EXCERPTED DATA:
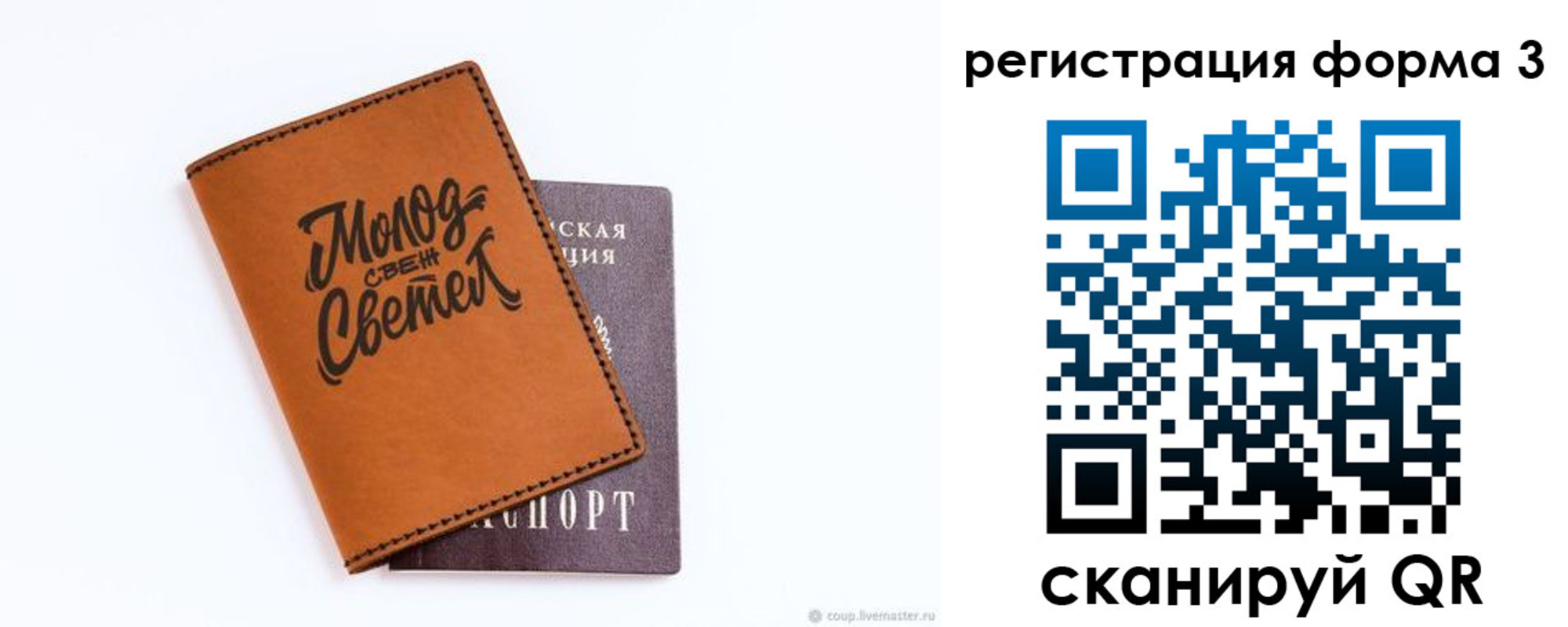 регистрация для дет. сада в Волгореченске
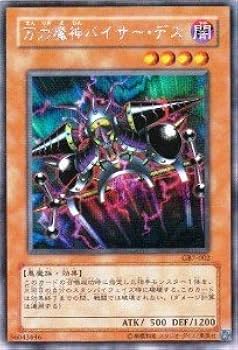 Amazon.co.jp: 遊戯王カード 万力魔神バイサー・デス GB7-002SCR : ホビー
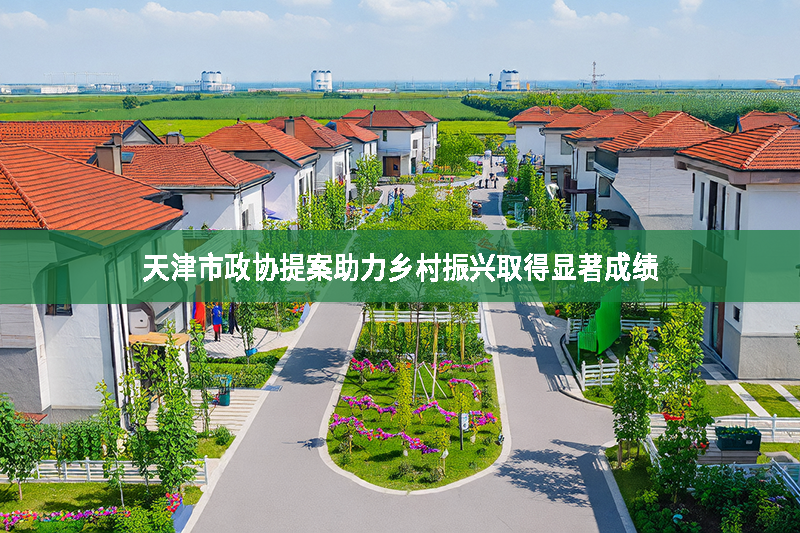 天津市政協提案助力鄉村振興取得顯著成績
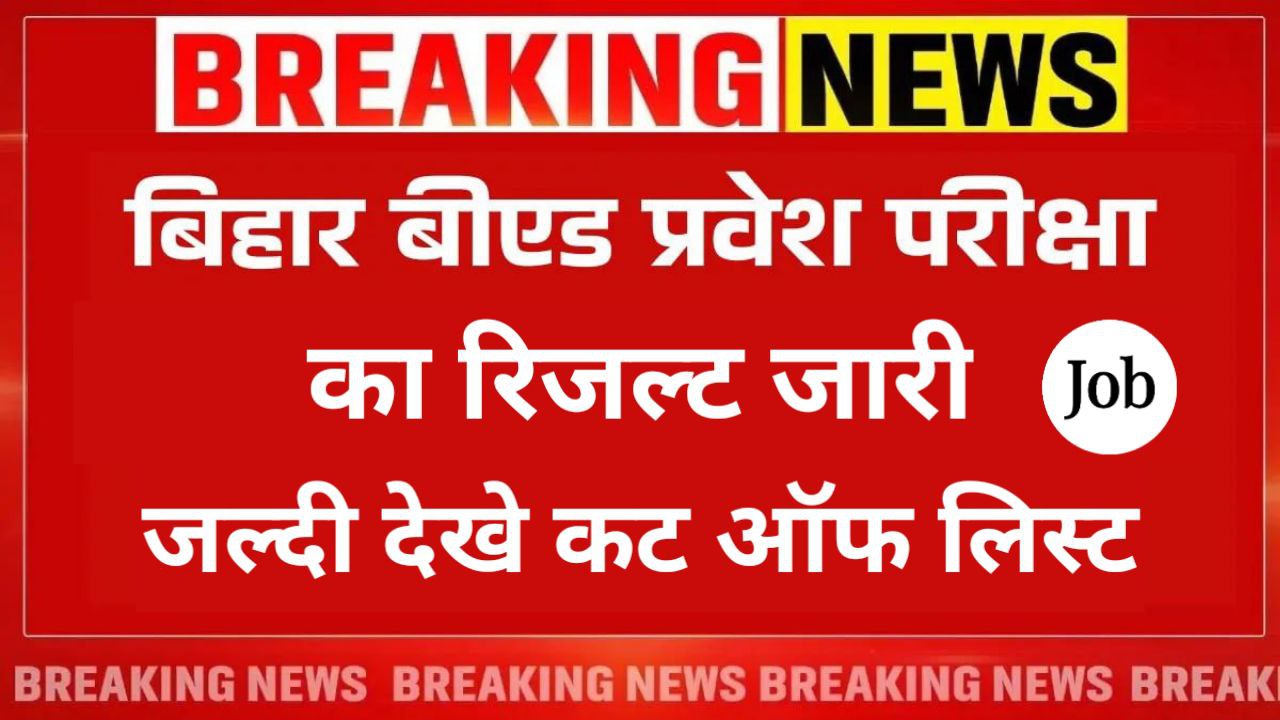 Bihar BEd Cut Off List 2025: बिहार बीएड 2025 कट ऑफ लिस्ट कब होगा जारी, यहाँ देखे पूरी जानकारी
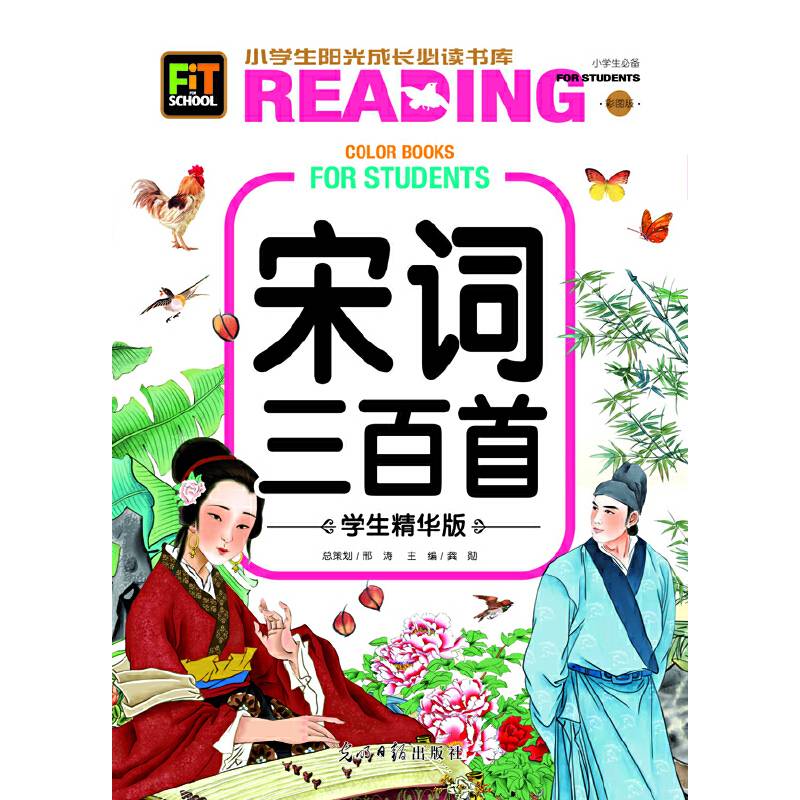 小学生阳光成长书系-宋词三百首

PROBLEM DESCRIPTION: Repeat each record as given. No picture belongs in the copy.

REPLY:
 регистрация для дет. сада в Волгореченске
 Amazon.co.jp: 遊戯王カード 万力魔神バイサー・デス GB7-002SCR : ホビー
 天津市政協提案助力鄉村振興取得顯著成績
 Bihar BEd Cut Off List 2025: बिहार बीएड 2025 कट ऑफ लिस्ट कब होगा जारी, यहाँ देखे पूरी जानकारी
 小学生阳光成长书系-宋词三百首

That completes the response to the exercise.